Last Thursday Facebook announced the Open Compute Project where they released pictures and specifications for their Prineville Oregon datacenter and the servers and infrastructure that will populate that facility. In my last blog, Open Compute Mechanical System Design I walked through the mechanical system in some detail. In this posting, we’ll have a closer look at the Facebook Freedom Server design.
The first thing you’ll notice when looking at the Facebook chassis design is there are only 30 servers per rack. They are challenging one of the strongest held beliefs in the industry that is density is the primary design goal and more density is good. I 100% agree with Facebook and have long argued that density is a false god. See my rant Why Blade Servers aren’t the Answer to all Questions for more on this one. Density isn’t a bad thing but paying more to get denser designs that cost more to cool is usually a mistake. This is what I’ve referred to in the past as the Blade Server Tax.
When you look closer at the Facebook design, you’ll note that the servers are more than 1 Rack Unit (RU) high but less than 2 RU. They choose a non-standard 1.5RU server pitch. The argument is that 1RU server fans are incredibly inefficient. Going with 60mm fans (fit in 1.5RU) dramatically increases their efficiency but moving further up to 2RU isn’t notably better. So, on that observation, they went with 60mm fans and a 1.5RU server pitch.
I completely agree that optimizing for density is a mistake and that 1RU fans should be avoided at all costs so, generally, I like this design point. One improvement worth considering is to move the fans out of the server chassis entirely and go with very large fans on the back of the rack. This allows a small gain in fan efficiency by going with larger still fans and allows a denser server configuration without loss of efficiency or additional cost. Density without cost is a fine thing and, in this case, I suspect 40 to 80 servers per rack could be delivered without loss of efficiency or additional cost so would be worth considering.
The next thing you’ll notice when studying the chassis above is that there is no server case. All the components are exposed for easy service and excellent air flow. And, upon more careful inspection, you’ll note that all components are snap in and can be serviced without tools.
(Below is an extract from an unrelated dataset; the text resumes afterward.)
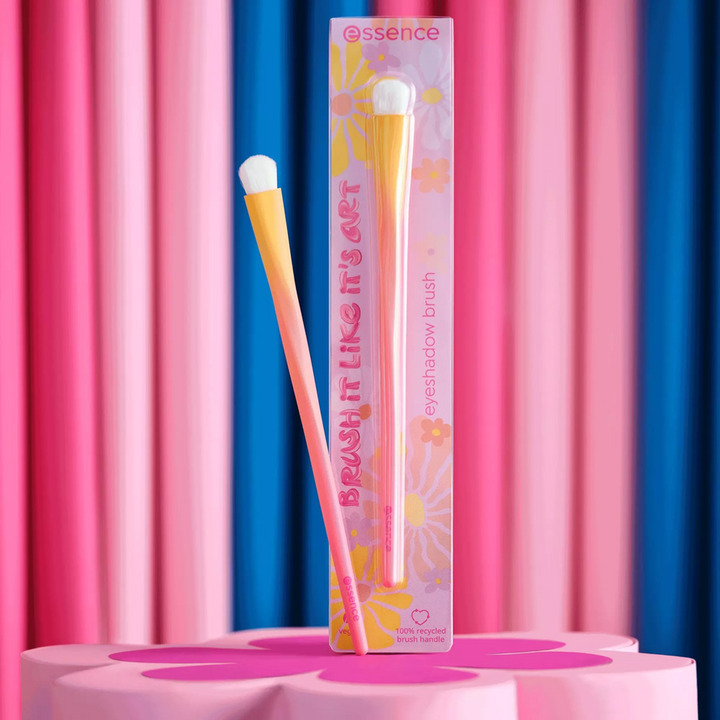 Essence Brush It Like Its Art Eyeshadow Brush 01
Highlights:
· 1.5 RU pitch
· 1.2 MM stamped pre-plated steel
· Neat, integrated cable management
· 4 rear mounted 60mm fans
· Tool-less design with snap plungers holding all components
· 100% front cable access
The Open Compute project supports two motherboard designs where 1 uses an Intel processors and the other uses AMD.
Note that these boards are both 12V only designs.
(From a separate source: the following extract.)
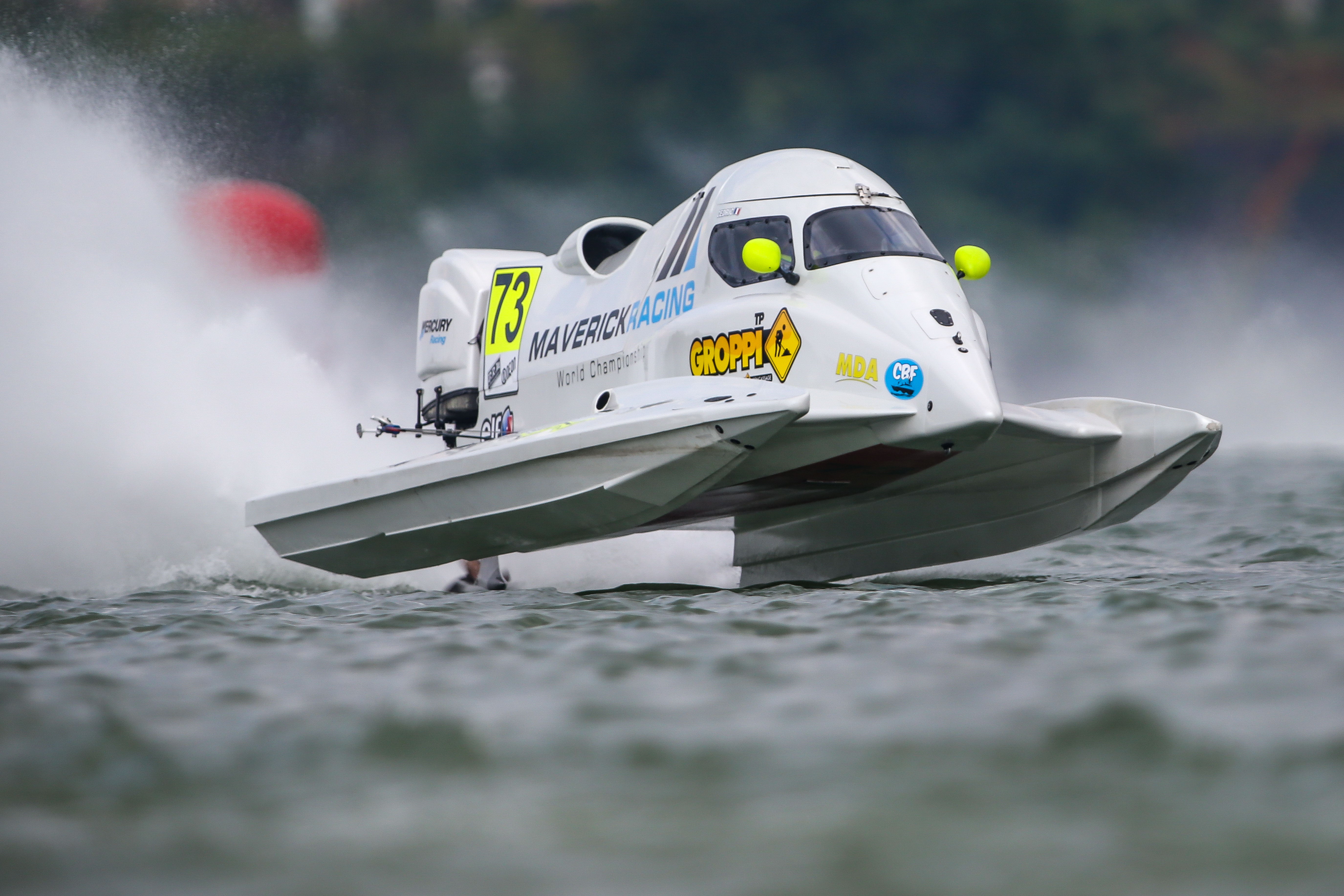 F1H2O UIM World Championship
The power supply (PSU) is an usual design in two dimensions: 1) it is a single output voltage 12v design and 2) it’s actually two independent power supplies in a single box. Single voltage supplies are getting more common but commodity server power supplies still usually deliver 12V, 5V, and 3.3V. Even though processors and memory require somewhere between 1 and 2 volts depending upon the technology, both typically are fed by the 12V power rail through a Voltage Regulator Down (VRD) or Voltage Regulator Module (VRM). The Open Compute approach is to use deliver 12V only to the board and to produce all other required voltages via an Voltage Regulator Module on the mother board. This simplifies the power supply design somewhat and they avoid cabling by having the motherboard connecting directly to the server PSU.
The Open Compute Power Supply is has two power sources. The primary source is 277V alternating current (AC) and the backup power source is 48V direct current (DC). The output voltage from both supplies is the same 12V DC power rail that is delivered to the motherboard.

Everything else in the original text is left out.